3. Directly Affected Parties
- Customers whose data was affected, users impacted by an outage, etc.
- Direct, personal communication (email, in-app notification).
- Be specific about what happened and what they should do.
4. Media / Public
- Press statement, social media, blog post.
- This is the last group, not the first (but it may need to happen within hours).
5. Regulators (if applicable)
- Data breaches often have mandatory notification timelines (GDPR: 72 hours).
- Consult legal counsel immediately for regulatory obligations.
Social Media Crisis Response
Immediate Actions
- Pause scheduled posts. Nothing kills credibility like a cheerful marketing post during a crisis.
- Monitor all channels. Set up real-time alerts for brand mentions, hashtags, and keywords.
- Respond on the platform where the crisis originated. If it started on X/Twitter, respond there first.
- Pin the official response to the top of your social profiles.
Social Media Response Guidelines
- Do respond to: Direct questions, concerned customers, factual misinformation you can correct.
- Don't respond to: Trolls, inflammatory bait, every single negative comment. Engaging with trolls amplifies them.
- Tone: Empathetic, factual, human. Not defensive, legalistic, or dismissive.
- Template response for volume situations:
- "We hear you, and we understand your frustration.
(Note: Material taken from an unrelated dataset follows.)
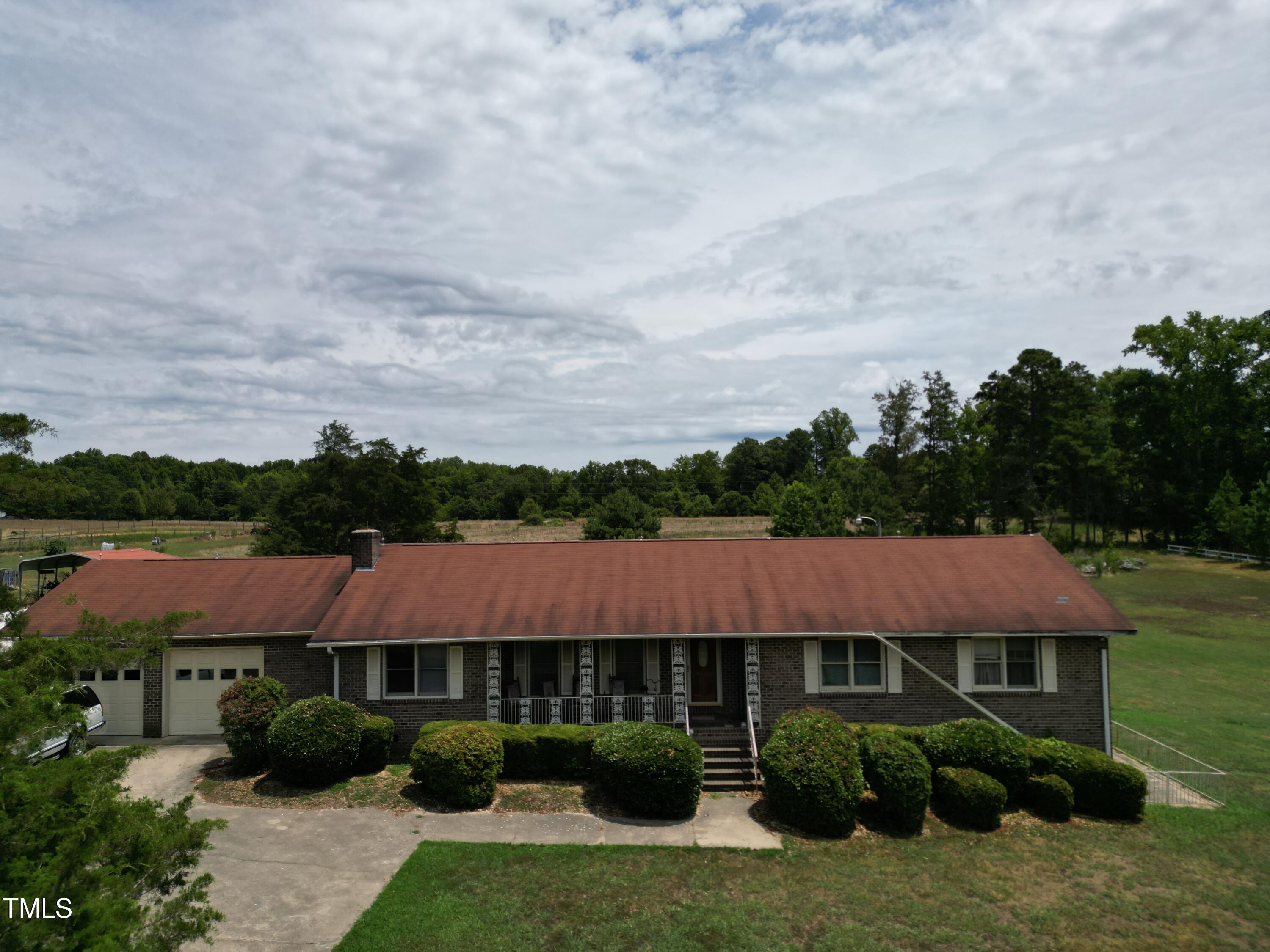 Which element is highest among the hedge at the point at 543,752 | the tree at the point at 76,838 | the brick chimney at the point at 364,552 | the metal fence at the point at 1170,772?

Here's what we know so far: [link to statement]. We'll continue to share updates as we learn more."
What NOT to Do on Social Media
- Delete negative comments (unless they contain threats or personal information). Deletion gets screenshotted and makes things worse.
- Get into arguments. Even if someone is wrong.
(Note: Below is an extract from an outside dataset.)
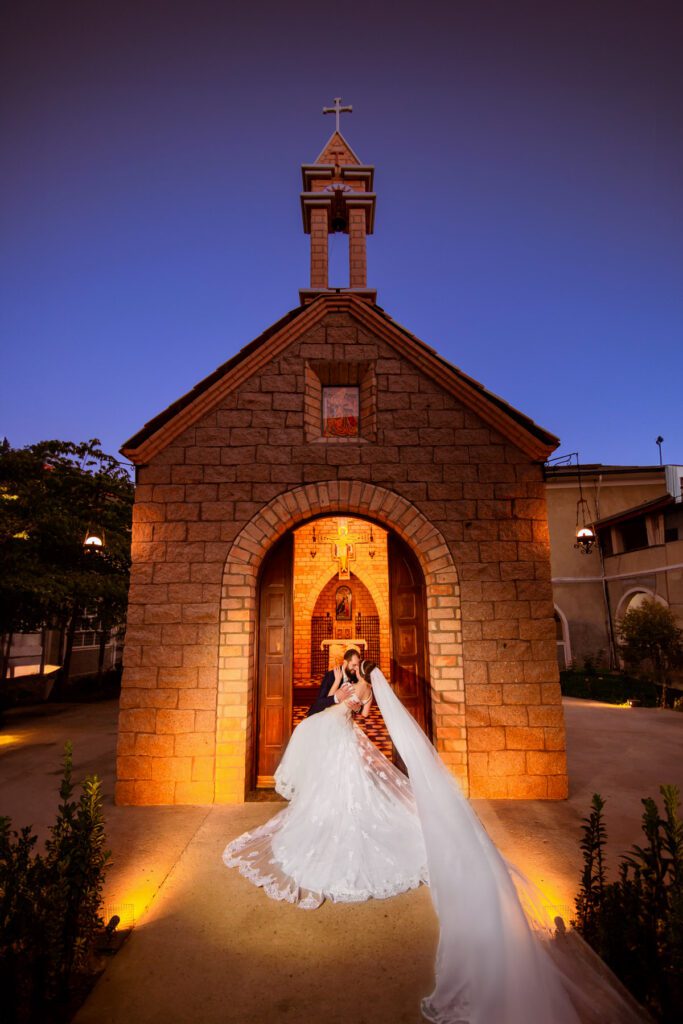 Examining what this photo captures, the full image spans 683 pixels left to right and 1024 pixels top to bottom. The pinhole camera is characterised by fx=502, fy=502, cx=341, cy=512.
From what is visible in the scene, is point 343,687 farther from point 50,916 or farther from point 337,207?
point 337,207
- Use humor or try to be clever. This is not the time.
- Go silent. Silence is interpreted as indifference or guilt.
- Blame others. Even if it's someone else's fault, lead with what you're doing.
Spokesperson Preparation
Selecting the Spokesperson
- Severity 1: Senior team member relevant to the issue.
- Severity 2: VP or C-level executive.
- Severity 3: CEO. Always the CEO for the most serious crises.
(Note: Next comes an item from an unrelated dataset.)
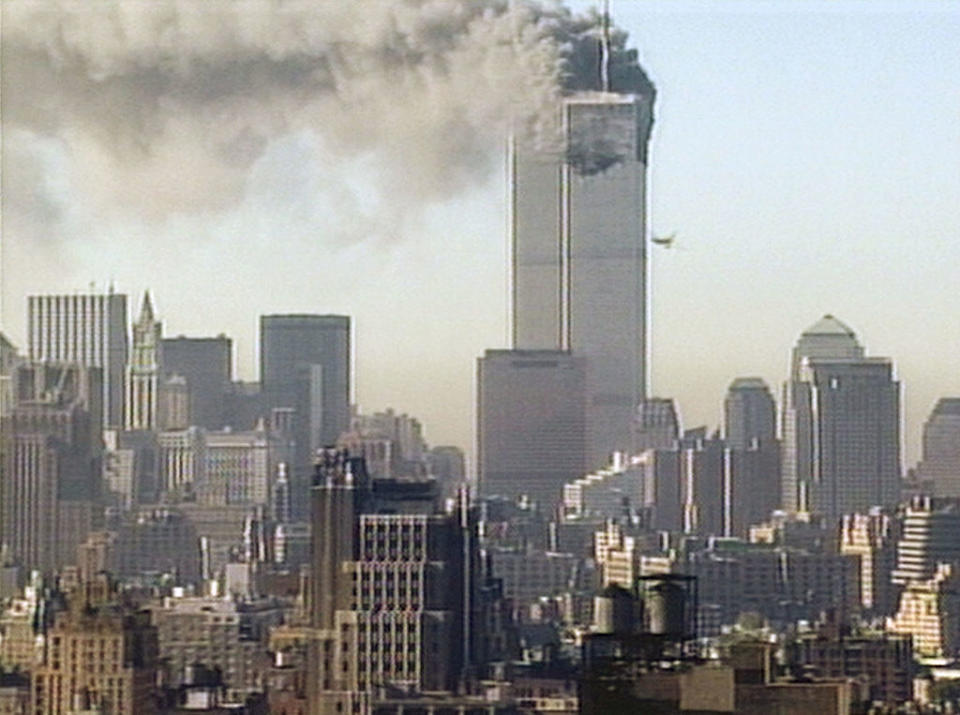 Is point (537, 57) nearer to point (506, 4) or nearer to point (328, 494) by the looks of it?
point (506, 4)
Spokesperson Briefing Checklist
Bridge Phrases for Difficult Questions
- "What I can tell you is..."
- "The most important thing right now is..."
- "What our customers/users need to know is..."
- "We're focused on [action], and here's what we're doing..."
- "I understand the concern. Here's what we know so far..."
What the Spokesperson Should NEVER Say
- "No comment." (Say "I don't have that information yet, but we'll share it as soon as we do.")
- "It's not our fault." (Even if true, lead with empathy and action.)
- "I can't discuss that." (Say "That's part of our ongoing investigation, and we'll share findings when complete.")
- Speculation about cause, blame, or timeline before facts are confirmed.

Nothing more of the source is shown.